As an argument against this you will often hear cited two pieces of legislation – The Human Rights Act and The Regulatory Investigation of Persons at Work Act (RIPA).
Because offenders often try to use these pieces of legislation in their defence, they are commonly seen as a barrier to investigatory activity such as the installation of covert cameras. But the truth is that if proper policies and procedures are adhered to then this legislation actually helps you and your investigator. In essence, you can investigate so long as what you are doing is deemed reasonable for the circumstances.
In all our time investigating in the commercial sector this legislation has never proved a defence or been contested in court or tribunal.
Every case of workplace theft is different, and each requires a bespoke investigatory solution. As a specialist commercial investigator, Expert Investigations first job is to help you identify the methods most appropriate to your situation.
In some cases our approach may look to the outsider to be overly sophisticated or elaborate. But for all the reasons we have detailed above, it is critical that we gather the right evidence at the first time of asking. To ‘spook’ an offender and give them a chance of stopping and/or covering their tracks could jeopardise not only your chances of detecting and resolving this incident, but also your opportunity to stop it reoccurring at the later date.
Methods may be as simple as fitting a covert camera into an office to observe thefts of cash from employees’ drawers. A recent case saw us fitting smoke alarms into an office, each containing a tiny covert camera invisible to the naked eye. This was all that was required to record the evidence of a member of staff stealing money from colleagues’ drawers.
Often there is a need to have a surveillance team follow a subject in order to gather and preserve the evidence of thefts. One recent case saw us insert an observations team into a builder’s van to observe the yard of a metal manufacturer. Our team observed staff members loading their own vehicles with metal and then followed the offenders to another location where the stolen metal was delivered. All of this was video recorded and presented to the client.
Just occasionally things do get slightly more ‘extreme’. When we were asked to investigate and provide evidence of items being removed from a wooded environment, we could see that the only opportunity to gather this evidence was to ‘dig in’ to the undergrowth. Fortunately this was a simple task for one of our military teams and the approach proved effective at first time of asking.

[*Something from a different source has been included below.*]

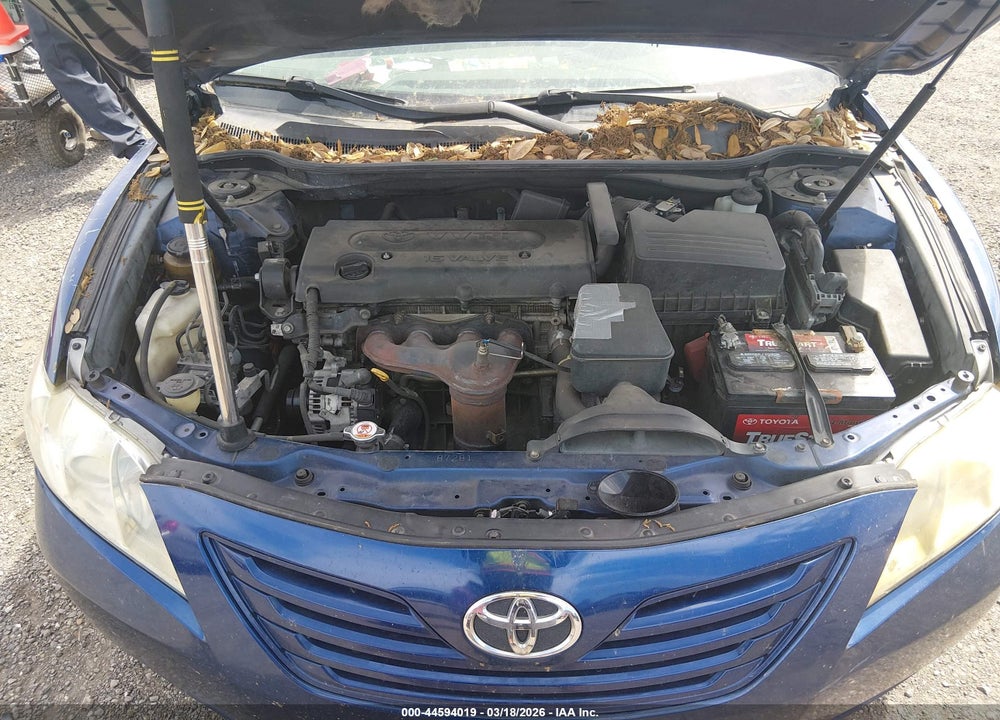 2009 TOYOTA CAMRY LE VIN: 4T4BE46K49R088147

In each of these cases, a combination of the right methods, the right equipment, used by the right team with the right preparation, resulted in successful operations. Each time the client was delighted with how quickly they received the lawful evidence required to catch – and stop – the thief.
As we have seen, workplace theft is a common problem which can – and indeed should – be stopped. It is rarely a something which just goes away; on the contrary, it often escalates as offenders become emboldened by years of ‘getting away with it’.
Although the lack of police interest can seem daunting and unfair, it certainly doesn’t mean you are helpless to act. A specialist commercial investigation and risk control specialist like Expert Investigations has at its disposal the investigatory expertise, the technology and the legislative framework required to stop the problem dead in its tracks and to prevent it happening again.